Task directions:
Please reproduce all of the listing below exactly and drop its images.

= = = = =

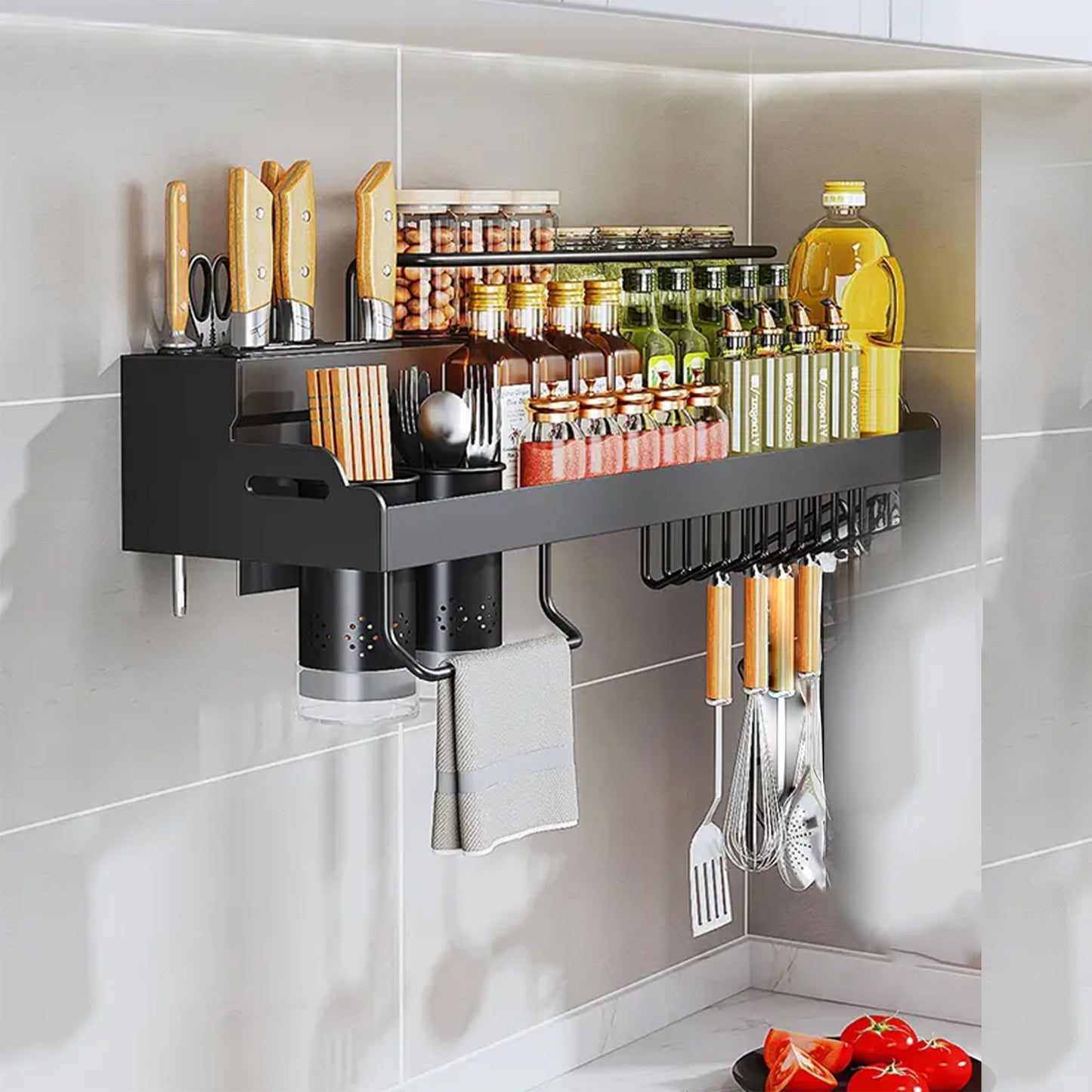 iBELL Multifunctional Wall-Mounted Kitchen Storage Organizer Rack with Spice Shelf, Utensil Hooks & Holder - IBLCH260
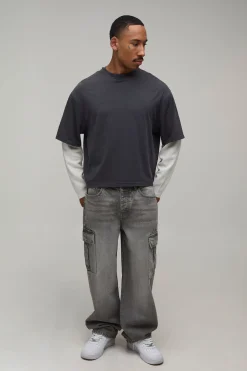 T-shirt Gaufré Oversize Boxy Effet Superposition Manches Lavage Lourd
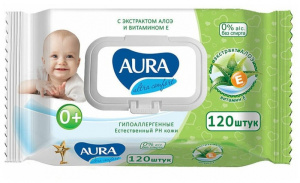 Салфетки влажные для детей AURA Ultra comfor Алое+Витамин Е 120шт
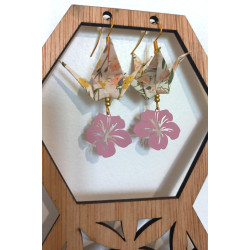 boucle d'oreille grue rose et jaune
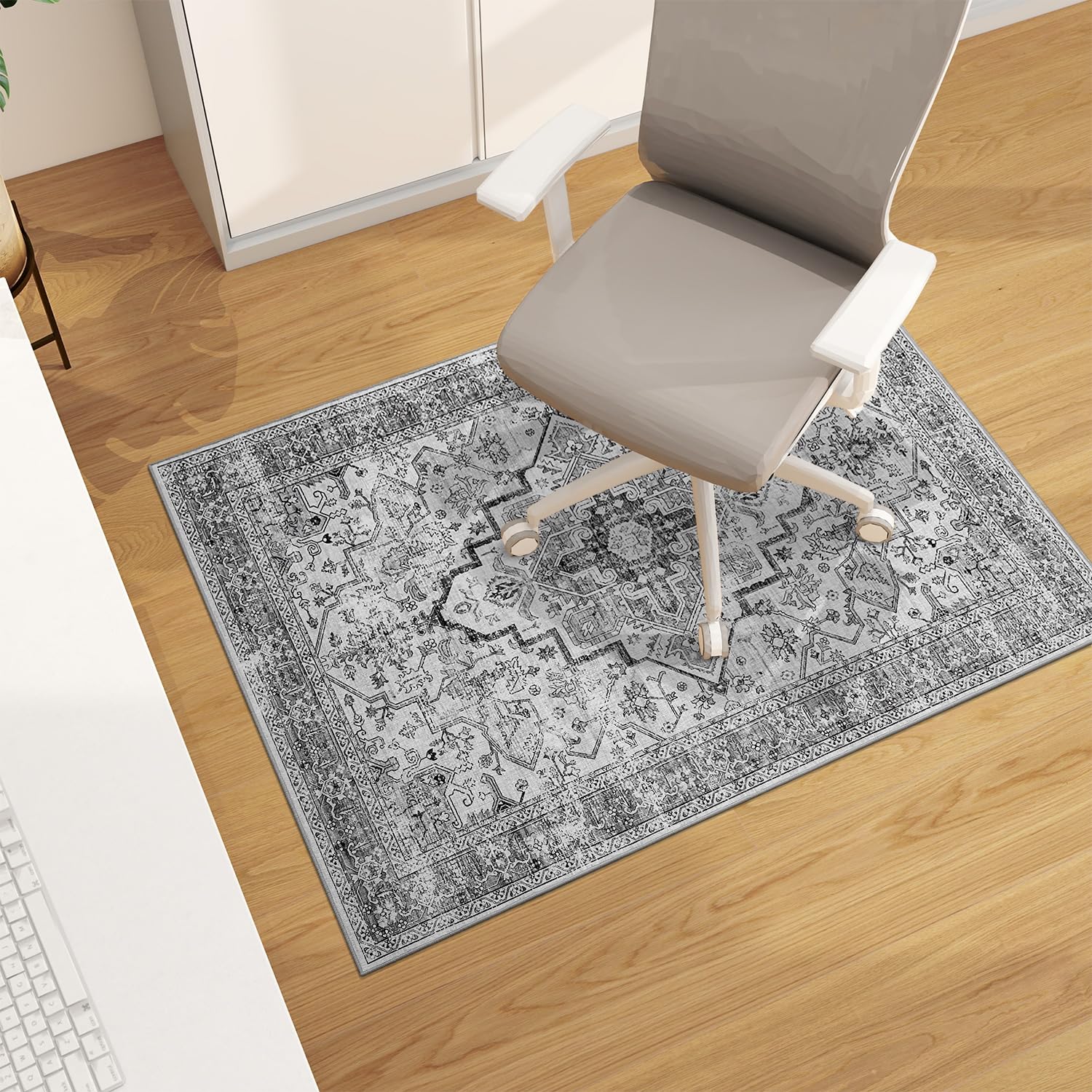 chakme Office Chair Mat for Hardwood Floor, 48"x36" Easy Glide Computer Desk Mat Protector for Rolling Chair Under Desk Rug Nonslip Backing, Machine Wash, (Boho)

= = = = =

Expected answer:
 iBELL Multifunctional Wall-Mounted Kitchen Storage Organizer Rack with Spice Shelf, Utensil Hooks & Holder - IBLCH260
 T-shirt Gaufré Oversize Boxy Effet Superposition Manches Lavage Lourd
 Салфетки влажные для детей AURA Ultra comfor Алое+Витамин Е 120шт
 boucle d'oreille grue rose et jaune
 chakme Office Chair Mat for Hardwood Floor, 48"x36" Easy Glide Computer Desk Mat Protector for Rolling Chair Under Desk Rug Nonslip Backing, Machine Wash, (Boho)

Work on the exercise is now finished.